The task
In the listing below, find the line that contains "Кейс Makita MakPac 821549-5" and the line that contains "22018 Shady Heath Lane - Photo 1". Quote both and every line between them, exactly, and nothing more.

The records

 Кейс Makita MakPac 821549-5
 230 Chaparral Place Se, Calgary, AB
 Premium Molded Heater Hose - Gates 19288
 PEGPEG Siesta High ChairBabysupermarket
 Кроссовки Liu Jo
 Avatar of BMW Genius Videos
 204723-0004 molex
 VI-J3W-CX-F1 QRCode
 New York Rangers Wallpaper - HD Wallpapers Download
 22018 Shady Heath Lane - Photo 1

---

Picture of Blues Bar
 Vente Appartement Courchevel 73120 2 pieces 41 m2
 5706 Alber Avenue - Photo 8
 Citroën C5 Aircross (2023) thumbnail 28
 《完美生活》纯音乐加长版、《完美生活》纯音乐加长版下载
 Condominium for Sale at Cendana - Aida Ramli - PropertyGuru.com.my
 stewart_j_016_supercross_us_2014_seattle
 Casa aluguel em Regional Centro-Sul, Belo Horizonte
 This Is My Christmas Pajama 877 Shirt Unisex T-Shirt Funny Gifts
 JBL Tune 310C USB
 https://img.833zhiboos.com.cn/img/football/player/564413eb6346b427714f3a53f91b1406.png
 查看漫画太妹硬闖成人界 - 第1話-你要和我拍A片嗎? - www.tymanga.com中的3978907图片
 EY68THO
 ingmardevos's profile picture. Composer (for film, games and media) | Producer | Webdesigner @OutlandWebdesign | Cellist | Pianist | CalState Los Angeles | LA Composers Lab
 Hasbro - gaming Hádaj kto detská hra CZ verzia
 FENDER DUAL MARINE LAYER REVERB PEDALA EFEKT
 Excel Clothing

Solution to the problem
 Кейс Makita MakPac 821549-5
 230 Chaparral Place Se, Calgary, AB
 Premium Molded Heater Hose - Gates 19288
 PEGPEG Siesta High ChairBabysupermarket
 Кроссовки Liu Jo
 Avatar of BMW Genius Videos
 204723-0004 molex
 VI-J3W-CX-F1 QRCode
 New York Rangers Wallpaper - HD Wallpapers Download
 22018 Shady Heath Lane - Photo 1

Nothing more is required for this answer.